Incident Report- A police report about something that happened.  Additional reports about the same happening are called Supplemental Reports. 

Indictment- See Grand Jury, True Bill. 

Jury- A grouped of twelve people who must listen to and watch the trial and decide whether or not the defendant is guilty. 

Jury Pool- A group of randomly chosen citizens from which jurors are selected. 

Juvenile- Usually an offender under the age of 17. 

Judge- The person in charge of the courtroom and the trial. 

Magistrate- The judge in the first level of county court. 

Nol Pros- The voluntary withdrawal of criminal charges by the prosecuting attorney. 

Objection- An attorney's telling the court that he believes someone has broke a rule of the court. 

Pardon- An act by a judge, court, governor, or other authoirty that releases the person pardoned from punishment for the crime he committed.  Often pardon provides for expungement (wiping clean) of the offender's criminal record on that particular crime. 

Parole- The conditional early release of a prisoner.  If a prisoner obeys the conditions of his release, he won't have to serve the remainder of his sentence in prison.  If he does not, he may be sent back to prison. 

Petition- A formal, written request for a court or judge to do something, for example, a petition for an appeal. 

Plea- The Defendant's answer to the charge against him.  If he pleads "guilty," a trial is not necessary.  He may plead guilty to a less serious charge than the one for which he was indicted.  If he pleads "not guilty", the case will probably be tried in court. 

Preliminary Hearing- A hearing before a judge to determine if a case has probable cause and should be sent to General Sessions Court.  The defense attorney uses this hearing to find out what evidence the State has against the defendant. 

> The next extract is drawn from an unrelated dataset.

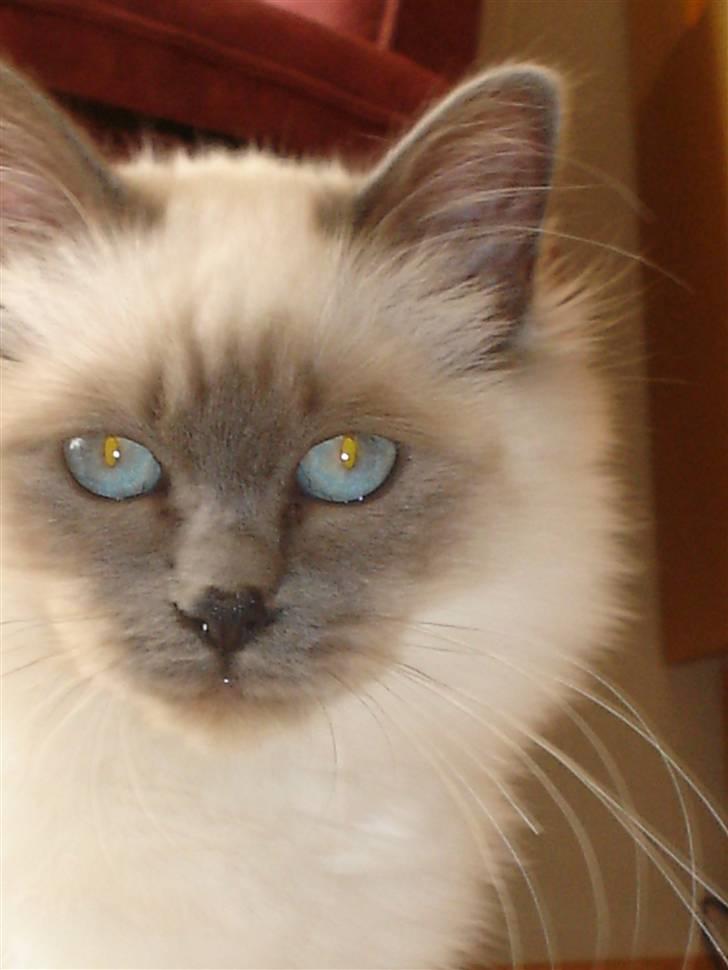 Hellig Birma Feleisa -     <3<3 billede 12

Pre-Trial Conference- A meeting among you, other witnesses, and the solicitor prior to trial.  You will be able to discuss the case and ask questions.  

Probable Cause- Evidence that would lead a reasonable person to believe that a crime was committed by the person accused. 

Probation- Releasing a convicted offender instead of sending him to prison.  An offender on probation must agree to follow certain guidelines and limits.  If he "violates probation," that is, fails to keep the agreement, he may be sent to prison. 

Reasonable Doubt- Doubt based on a good reason.  If a jury has reasonable doubt that the defendant committed the crime, the jury must find him not guilty. 

Recess- "Time Out' in a trial.  It could be brief or last overnight or over a weekend. 

Revocation- The withdrawing of a bond or probation when the defendant fails to obey the requirements of bond or probation.  For example, a defendant released on bond or probation may be required to stay within the state.  If he leaves the state, his bond or probation may be revoked, and he may be locked up in jail or prison.  

Sentence- The punishment or legal consequences given to a convicted defendant. 

Solicitor- An attorney who prosecutes crimes.  In other states they are usually called District Attorneys. 

Subpoena- A court order for someone to appear in court. 

Testimony- the facts as stated by a witness in court. 

Trial- The presentation of the facts of a case in court before a judge (bench trial) or a judge and jury, ending with a decision about the defendant's guilt. 

Verdict- The decision by a judge or jury.

Victim Impact Statement- A victim's form, letter, or oral statement that tells the judge the ways in which the crime has affected him or her, for example, money lost, emotional difficulties, physical problems, jobs problems, etc. 

Voir Dire-The jury selection process.  Both the defense attorney and the solicitor may "strike" (reject) a limited number of people in the jury pool. 

Witness- In court, a witness is a person who testifies in court.  A witness to a crime is a person who sees, hears, or notices something that has to do with the crime. 

Writ- A written order issued by a court commanding someone to do or stop doing a particular act.